#### [Required work]
Take the line containing "this 1400×786 image." and every line below it through the end of the entries, and output them verbatim, pictures excluded.
-*-*-
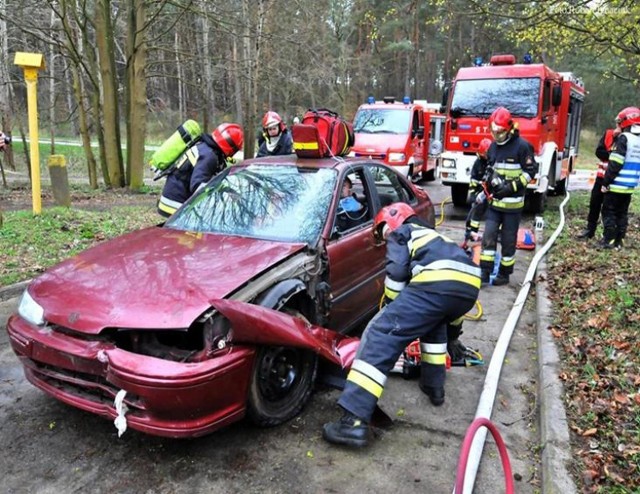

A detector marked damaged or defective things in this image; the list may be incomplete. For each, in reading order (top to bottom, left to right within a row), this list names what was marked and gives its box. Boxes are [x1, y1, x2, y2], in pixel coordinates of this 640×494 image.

crushed car hood [30, 227, 308, 334]
damaged red car [6, 156, 436, 438]
dented fender [211, 298, 358, 370]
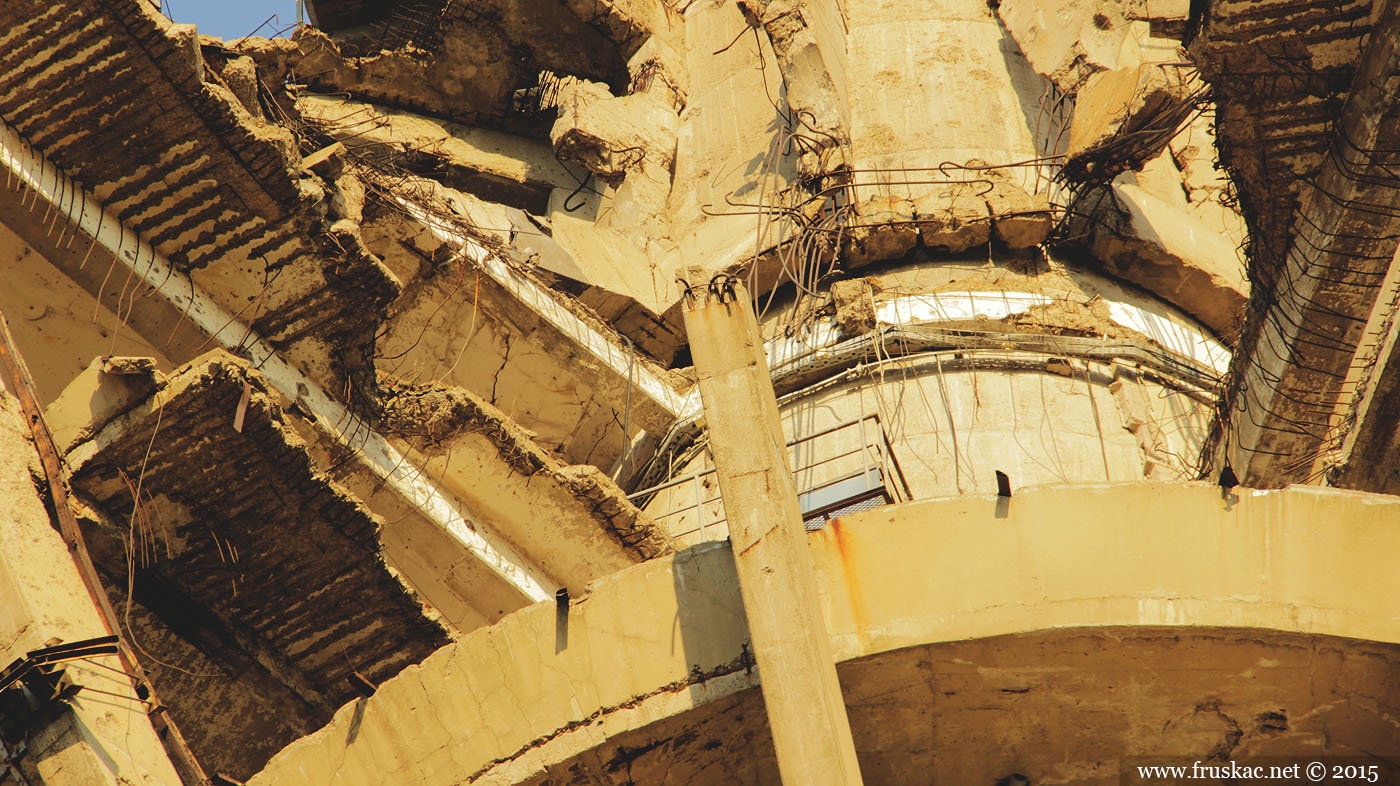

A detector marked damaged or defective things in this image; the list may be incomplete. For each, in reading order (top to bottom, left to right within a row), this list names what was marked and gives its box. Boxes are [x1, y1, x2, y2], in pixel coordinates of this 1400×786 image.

cracked concrete wall [249, 481, 1400, 784]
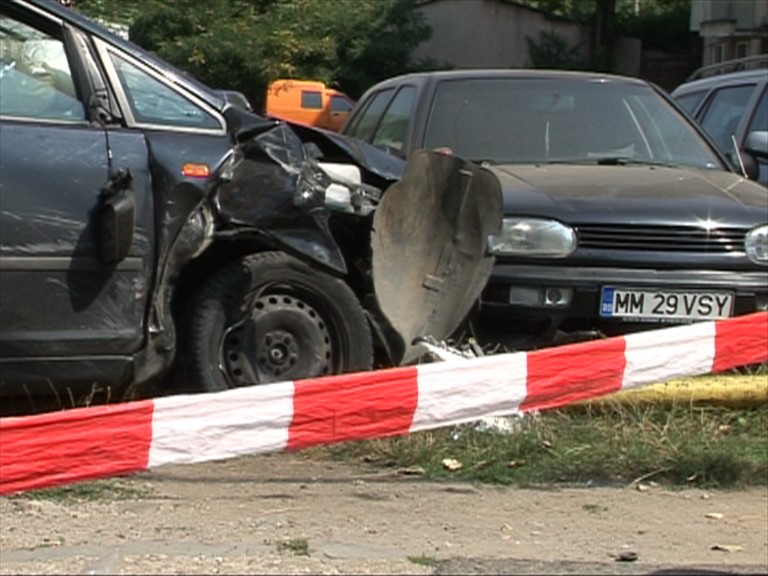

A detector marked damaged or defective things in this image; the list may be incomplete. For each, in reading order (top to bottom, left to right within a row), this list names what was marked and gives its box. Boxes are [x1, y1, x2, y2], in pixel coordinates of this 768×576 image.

wrecked black car [0, 0, 500, 414]
cracked headlight [488, 217, 572, 258]
crumpled hood [488, 164, 764, 227]
cracked headlight [748, 224, 764, 264]
exposed wheel rim [220, 292, 332, 388]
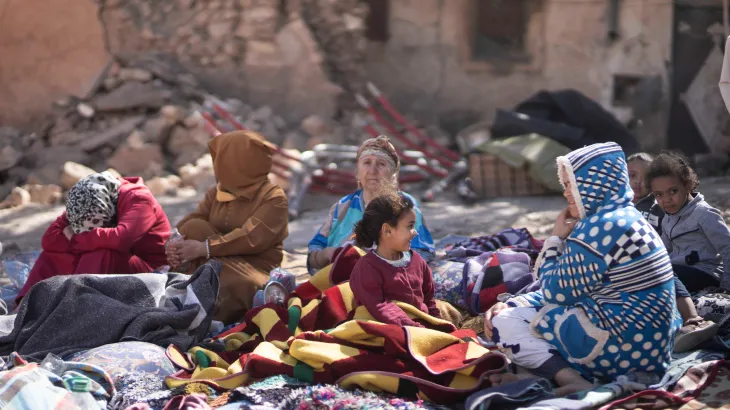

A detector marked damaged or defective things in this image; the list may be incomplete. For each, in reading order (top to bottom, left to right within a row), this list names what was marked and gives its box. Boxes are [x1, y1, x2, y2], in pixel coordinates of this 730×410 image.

damaged wall [0, 0, 109, 127]
damaged wall [366, 0, 672, 151]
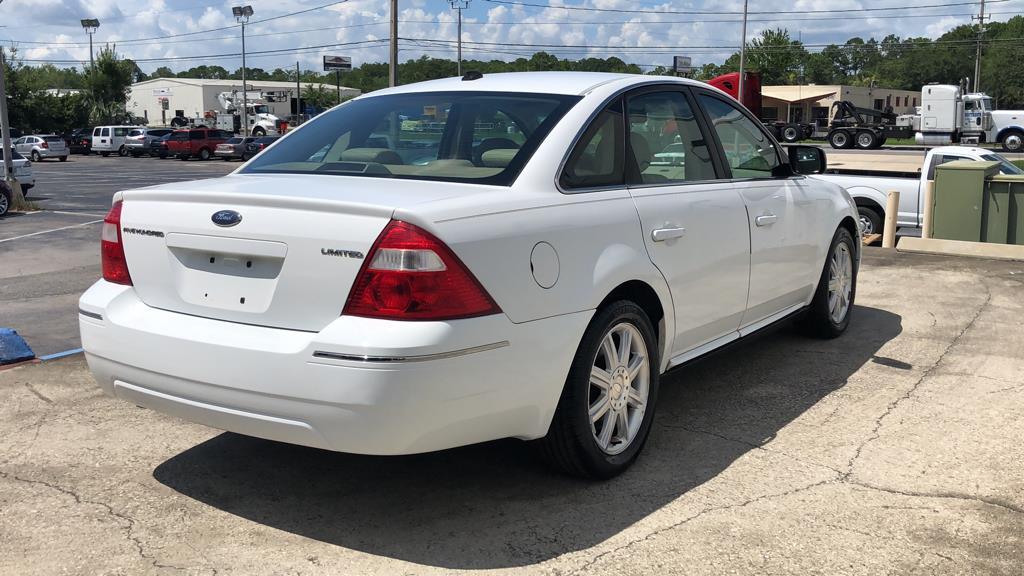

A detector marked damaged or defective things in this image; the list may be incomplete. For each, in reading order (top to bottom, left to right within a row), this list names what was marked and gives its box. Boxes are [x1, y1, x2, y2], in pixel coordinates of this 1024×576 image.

cracked asphalt [2, 249, 1024, 576]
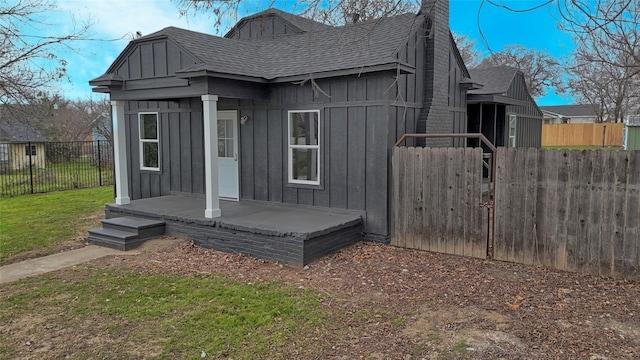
-*-*-
#### [Solved exercise]
A detector marked damaged or defective things in this image; the list may be incomplete. For each, in reading order (top to bottom, left to right within a row), this list names what was marked and gives its box. Boxes are [x1, y1, x2, y2], in pixel coordinates of this 1400×786 image.

cracked concrete wall [249, 481, 1400, 784]

A detector marked damaged or defective things in this image; the list may be incomplete. For each, in reading order (top to bottom, left to right within a row), this list names what was marked and gives its box. Boxes are [x1, y1, x2, y2], in pixel coordinates of this 768×576 image.

wrecked black car [0, 0, 500, 414]
cracked headlight [488, 217, 572, 258]
crumpled hood [488, 164, 764, 227]
cracked headlight [748, 224, 764, 264]
exposed wheel rim [220, 292, 332, 388]

A detector marked damaged or defective things in this image; the list may be incomplete. For each, in reading order (top to bottom, left to right within a row), this list names what was marked and gives its box. Boxes are [x1, y1, x2, y2], in pixel coordinates of this 730×410 image.

damaged wall [0, 0, 109, 127]
damaged wall [366, 0, 672, 151]

A detector marked damaged or defective things in this image; the list may be incomplete. For each, in reading order (top to bottom, left to right within a row), this list names what was marked and gives its box. Boxes are [x1, y1, x2, y2], in pixel coordinates of this 1024×576 image.

cracked asphalt [2, 249, 1024, 576]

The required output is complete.